--- DATASET Enclosed Below ---
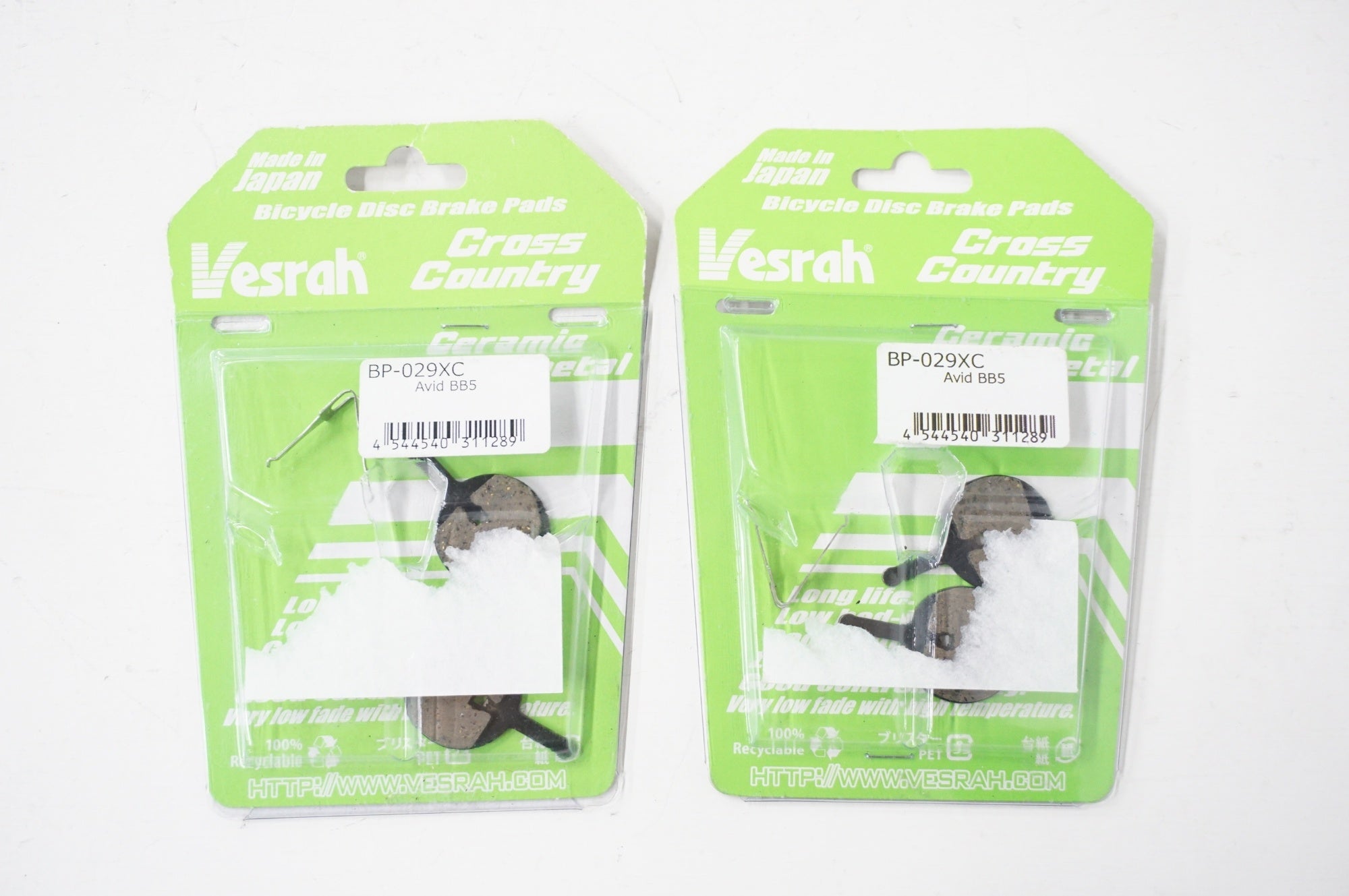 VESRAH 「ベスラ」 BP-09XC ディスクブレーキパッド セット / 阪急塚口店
--- End of Enclosed DATASET ---
--- DATASET Enclosed Below ---
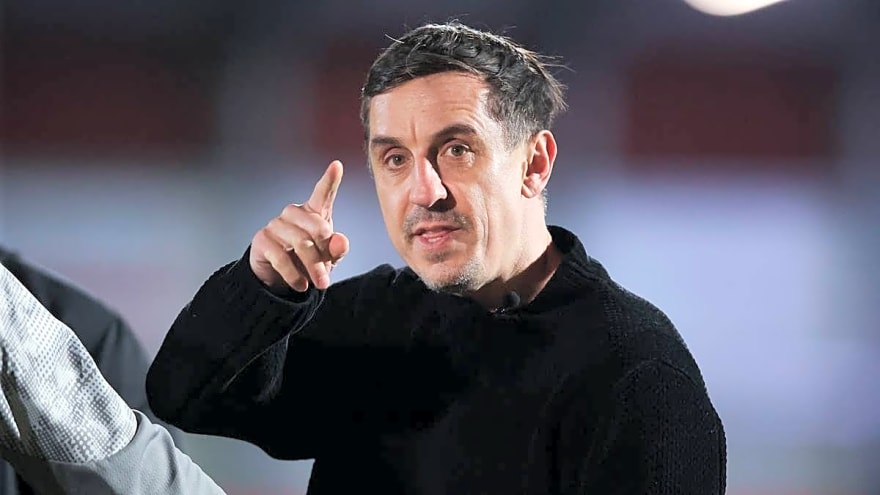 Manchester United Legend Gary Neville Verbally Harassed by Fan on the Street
--- End of Enclosed DATASET ---
--- DATASET Enclosed Below ---
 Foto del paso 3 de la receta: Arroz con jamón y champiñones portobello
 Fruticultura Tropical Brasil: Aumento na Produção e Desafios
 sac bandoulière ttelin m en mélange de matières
--- End of Enclosed DATASET ---
**WHAT TO DO:**
Print exactly the lines of the listing above starting at the line containing "Foto del paso" and ending at the line containing "sac bandoulière ttelin", both included.

**TASK SOLUTION:**
 Foto del paso 3 de la receta: Arroz con jamón y champiñones portobello
 Fruticultura Tropical Brasil: Aumento na Produção e Desafios
 sac bandoulière ttelin m en mélange de matières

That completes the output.